Make an exact copy of the whole listing, but leave its pictures out.

--- EXERCISE DATA Enclosed Below ---

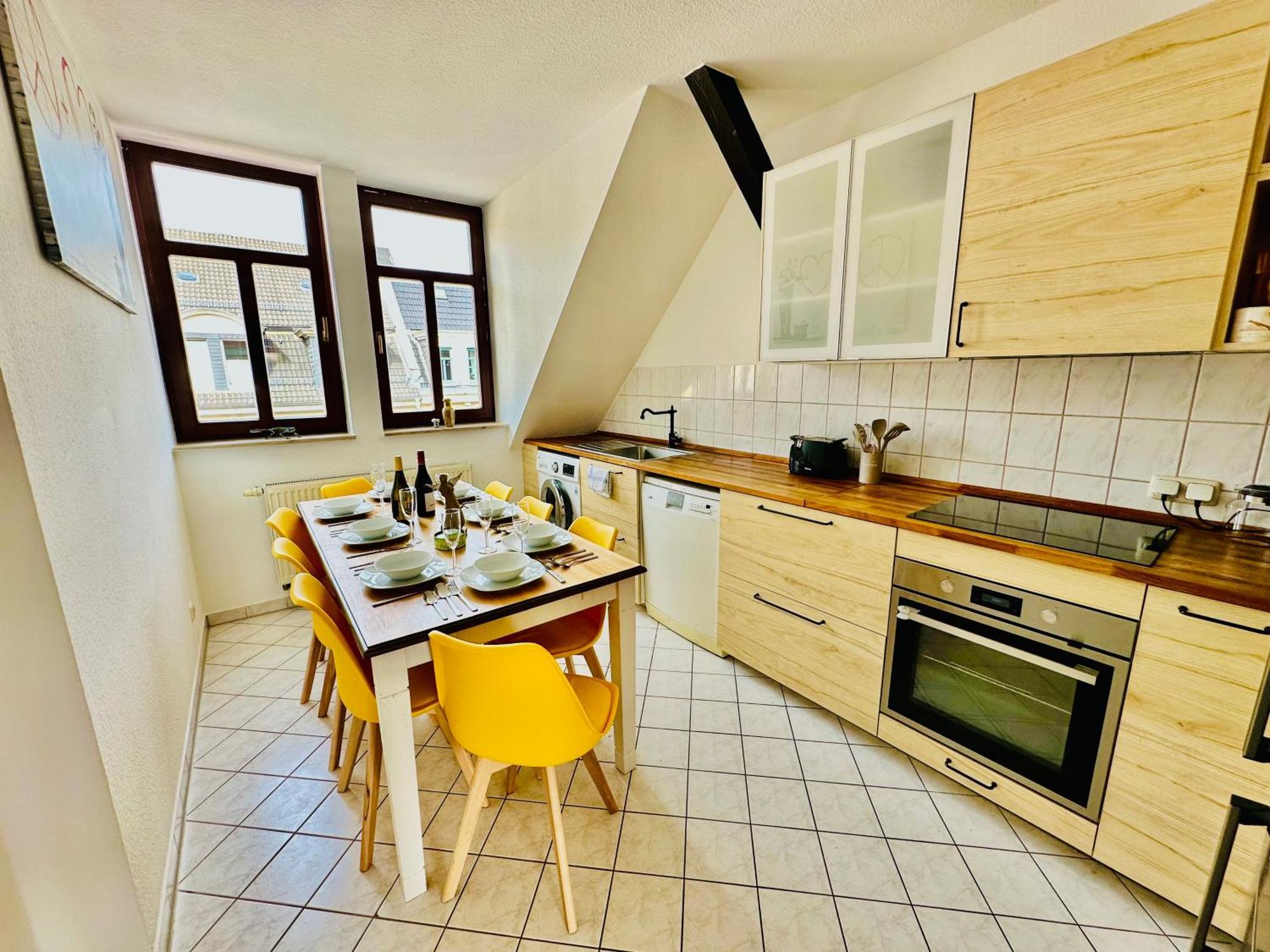 Massive Karli Loft - Over 130 Meters Floor Space - Home Theater Room - 4 Private Sleeping Areas - Best Location In Leipzig Exterior photo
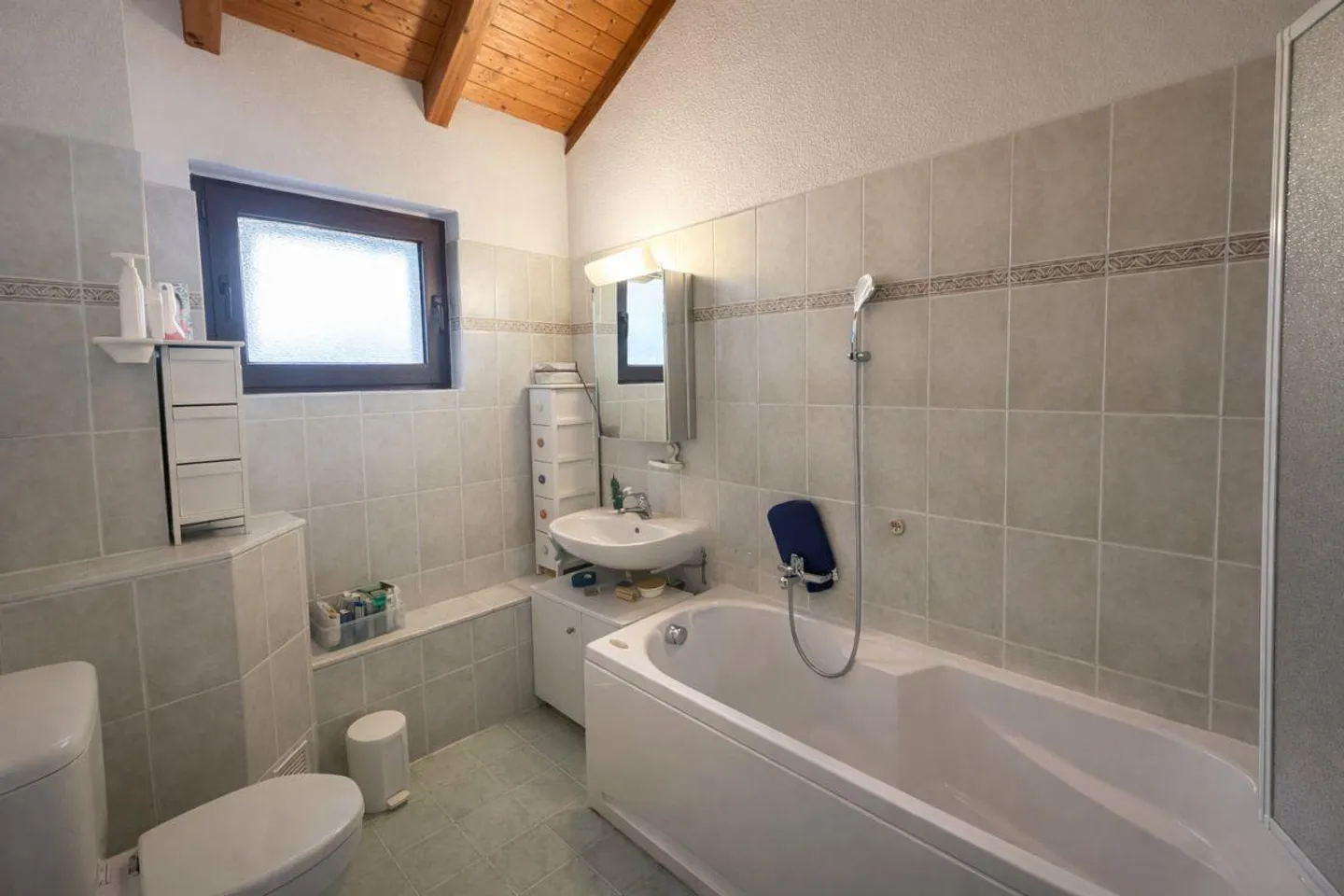 Einfamilienhaus mit Rustico, großem Garten und privatem Platz - Foto 19 von 25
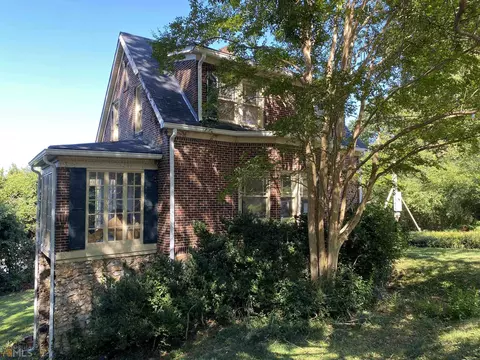 211 E 9th St, Rome, GA 30161 photo 2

--- End of Enclosed EXERCISE DATA ---

__TASK SOLUTION__
 Massive Karli Loft - Over 130 Meters Floor Space - Home Theater Room - 4 Private Sleeping Areas - Best Location In Leipzig Exterior photo
 Einfamilienhaus mit Rustico, großem Garten und privatem Platz - Foto 19 von 25
 211 E 9th St, Rome, GA 30161 photo 2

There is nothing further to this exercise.